DATA BELOW:
• • •

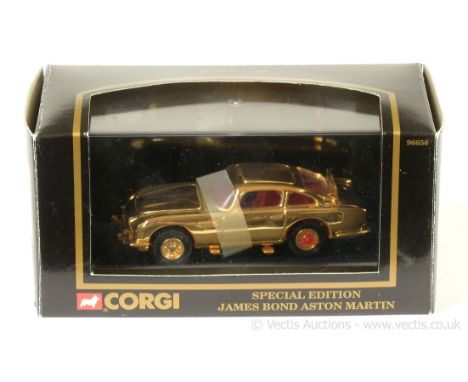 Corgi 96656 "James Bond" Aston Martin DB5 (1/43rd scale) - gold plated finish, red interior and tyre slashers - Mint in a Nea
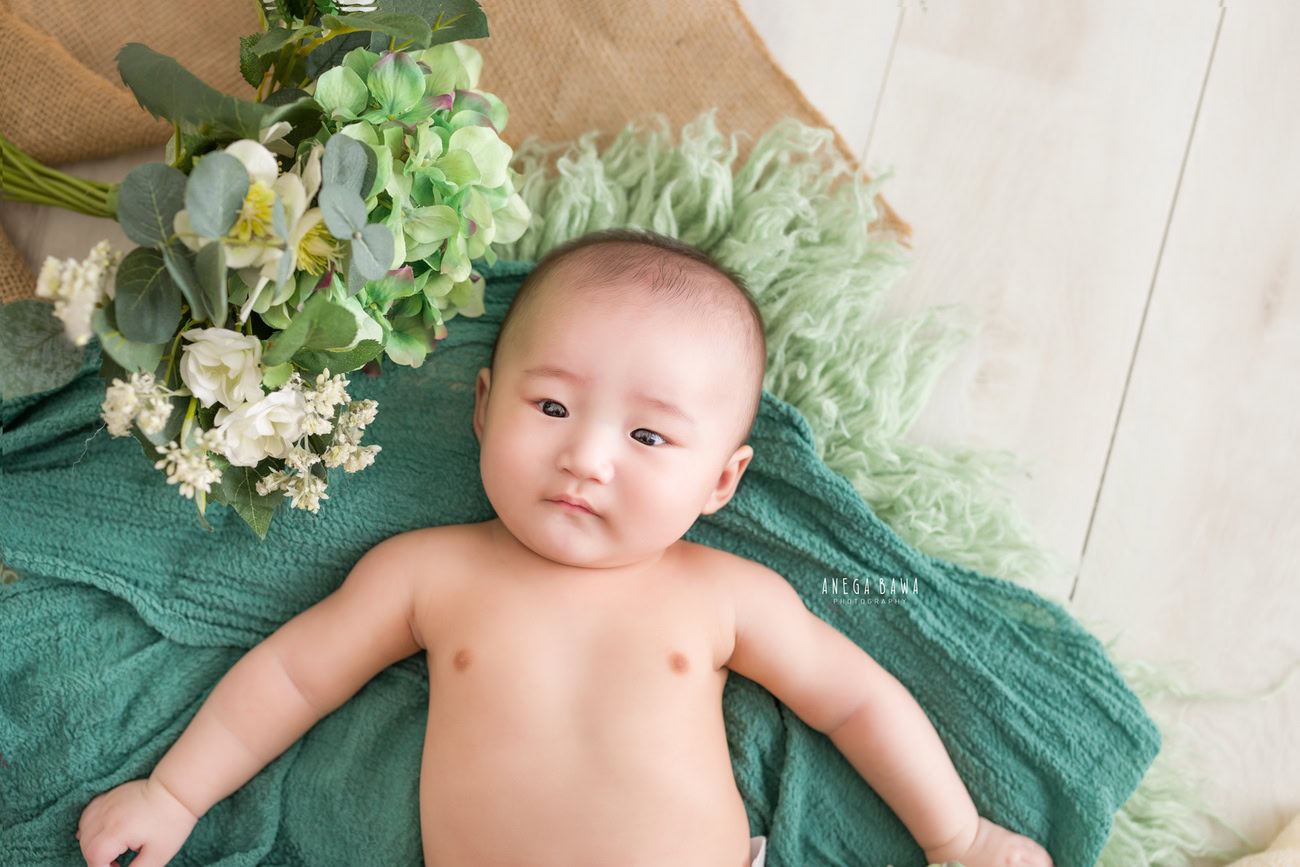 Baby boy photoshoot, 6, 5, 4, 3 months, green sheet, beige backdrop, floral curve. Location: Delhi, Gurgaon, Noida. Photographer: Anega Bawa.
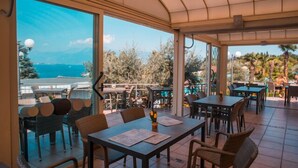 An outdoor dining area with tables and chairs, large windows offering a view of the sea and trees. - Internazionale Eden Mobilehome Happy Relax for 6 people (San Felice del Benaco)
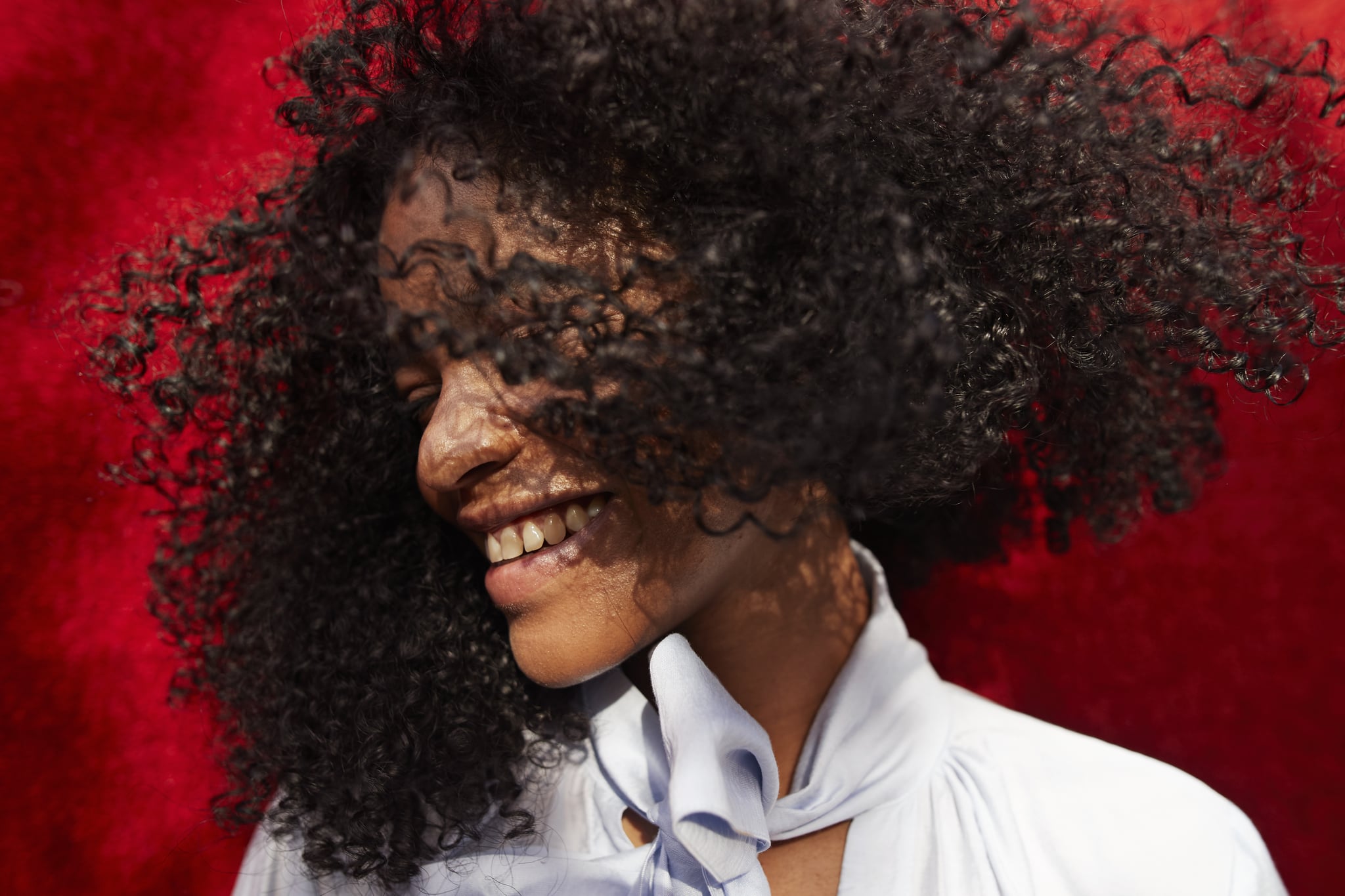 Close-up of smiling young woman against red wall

• • •

ABOUT THIS EXERCISE:
Retype precisely, and only, the lines from the one holding "Baby boy photoshoot, 6, 5, 4, 3" through the final line of the data above, with the pictures omitted.

REPLY:
 Baby boy photoshoot, 6, 5, 4, 3 months, green sheet, beige backdrop, floral curve. Location: Delhi, Gurgaon, Noida. Photographer: Anega Bawa.
 An outdoor dining area with tables and chairs, large windows offering a view of the sea and trees. - Internazionale Eden Mobilehome Happy Relax for 6 people (San Felice del Benaco)
 Close-up of smiling young woman against red wall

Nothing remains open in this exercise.